MiFID II Worries U.S. Buy Side
Markets in Financial Instruments Directive II will turn one on January 3, 2019. How has the sweeping European directive impacted the U.S. equities market and how has it affected brokers’ relationships with EU and US clients?
That was the topic of a Thursday afternoon panel discussion at WBR Equities Leaders Summit.
As a European ruleset, MiFID II isn’t binding for U.S. firms that don’t do business on the ‘Old Continent’ . But that only goes so far, because the new rules around provisioning research and best execution are increasingly seen as the higher standard that all firms should adhere to. And there is the specter that U.S. market regulators may move to a similar regime at some point.
One theme of the discussion was that the research side of MiFID II is decidedly not good news for smaller buy-side firms that don’t have the deep pockets of their larger rivals.
A sticking point is that MiFID II calls for an unbundling of research and trading, which mean investment firms need to pay for research cash on the barrel, instead of using so-called soft dollars and having the cost lumped in with trading commissions.
“The business models of some of these smaller firms were not designed to pay for research out of P&L,” said Jason Vedder, Director, Global Trading and Operations at Driehaus Capital Management, which manages $8.1 billion.
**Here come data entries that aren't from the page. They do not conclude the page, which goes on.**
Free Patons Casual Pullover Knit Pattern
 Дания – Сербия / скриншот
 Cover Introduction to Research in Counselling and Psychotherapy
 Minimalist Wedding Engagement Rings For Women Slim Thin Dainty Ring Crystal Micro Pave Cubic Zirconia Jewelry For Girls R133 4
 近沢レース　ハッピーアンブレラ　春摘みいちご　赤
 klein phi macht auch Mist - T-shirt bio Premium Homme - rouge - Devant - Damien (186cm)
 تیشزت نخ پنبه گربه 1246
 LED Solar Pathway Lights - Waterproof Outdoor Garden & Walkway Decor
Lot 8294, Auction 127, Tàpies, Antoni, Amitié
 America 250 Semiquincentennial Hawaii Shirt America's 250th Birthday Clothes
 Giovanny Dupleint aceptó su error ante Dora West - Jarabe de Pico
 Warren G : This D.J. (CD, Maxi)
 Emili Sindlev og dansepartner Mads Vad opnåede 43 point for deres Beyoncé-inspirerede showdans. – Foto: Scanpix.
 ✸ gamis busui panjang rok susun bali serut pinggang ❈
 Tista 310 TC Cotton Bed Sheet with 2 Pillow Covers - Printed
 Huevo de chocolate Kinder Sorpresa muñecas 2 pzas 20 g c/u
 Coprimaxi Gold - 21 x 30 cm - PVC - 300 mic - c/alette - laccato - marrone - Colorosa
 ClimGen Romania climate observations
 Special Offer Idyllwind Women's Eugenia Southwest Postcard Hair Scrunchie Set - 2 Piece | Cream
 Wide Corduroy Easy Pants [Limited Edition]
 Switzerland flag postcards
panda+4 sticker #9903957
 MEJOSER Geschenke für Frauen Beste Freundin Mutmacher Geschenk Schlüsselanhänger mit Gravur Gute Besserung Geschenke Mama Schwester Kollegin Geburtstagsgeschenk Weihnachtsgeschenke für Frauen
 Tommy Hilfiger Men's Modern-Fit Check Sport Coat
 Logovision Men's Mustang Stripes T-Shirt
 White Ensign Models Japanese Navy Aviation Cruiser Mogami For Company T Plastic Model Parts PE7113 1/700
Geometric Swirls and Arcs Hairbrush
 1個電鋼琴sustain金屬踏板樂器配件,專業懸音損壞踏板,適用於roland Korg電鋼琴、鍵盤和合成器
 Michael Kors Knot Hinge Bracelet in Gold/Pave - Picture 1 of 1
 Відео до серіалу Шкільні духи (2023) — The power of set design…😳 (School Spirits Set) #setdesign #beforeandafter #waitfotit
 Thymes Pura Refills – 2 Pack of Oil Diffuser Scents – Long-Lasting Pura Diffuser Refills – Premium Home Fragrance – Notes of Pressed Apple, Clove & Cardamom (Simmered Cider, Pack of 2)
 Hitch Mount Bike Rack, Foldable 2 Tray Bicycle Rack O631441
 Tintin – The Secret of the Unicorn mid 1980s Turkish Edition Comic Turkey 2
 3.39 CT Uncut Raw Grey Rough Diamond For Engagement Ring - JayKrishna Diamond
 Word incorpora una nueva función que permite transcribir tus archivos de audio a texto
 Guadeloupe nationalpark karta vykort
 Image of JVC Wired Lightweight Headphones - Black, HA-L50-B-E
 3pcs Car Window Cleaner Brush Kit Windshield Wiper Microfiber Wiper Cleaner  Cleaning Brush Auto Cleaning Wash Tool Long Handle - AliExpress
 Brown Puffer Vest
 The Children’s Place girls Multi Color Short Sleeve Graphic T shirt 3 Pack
If the soft-dollar system goes away, smaller buy-sides in “bake-off” competitions with larger firms will be tripped up on the question of how they pay for research, and many will be forced to either be folded into a larger organization or close their doors. “You could see a part of the ecosystem wiped out,” he noted.
Vedder said MiFID II is having a “butterfly effect”, where a localized change in a complex system causes large effects elsewhere.
Lori Hoch is Chief Operating Officer of $3 billion manager Cortina Asset Management, which operates in the U.S. only. She said one of Cortina’s clients, a large institutional asset owner, has said Cortina must comply with the MiFID II standards that investment firms who operate in Europe are meeting, or risk being cut.
Pension funds and other institutional asset owners at the top of the food chain can sometimes indicate a willingness to chip in to pay for research, “but it doesn’t always come out that way,” said Healthy Markets Executive Director Tyler Gellasch, who moderated the panel. “The challenge is asking how much and what is their budget.”
Panelists noted that for now, MiFID II standards are being implemented at the client level. The U.S. Securities and Exchange Commission will ultimately hold sway on what happens from a top-down perspective; panelists said ideally the SEC will push back on some MiFID standards and work to develop a compromise framework that’s less onerous for smaller firms.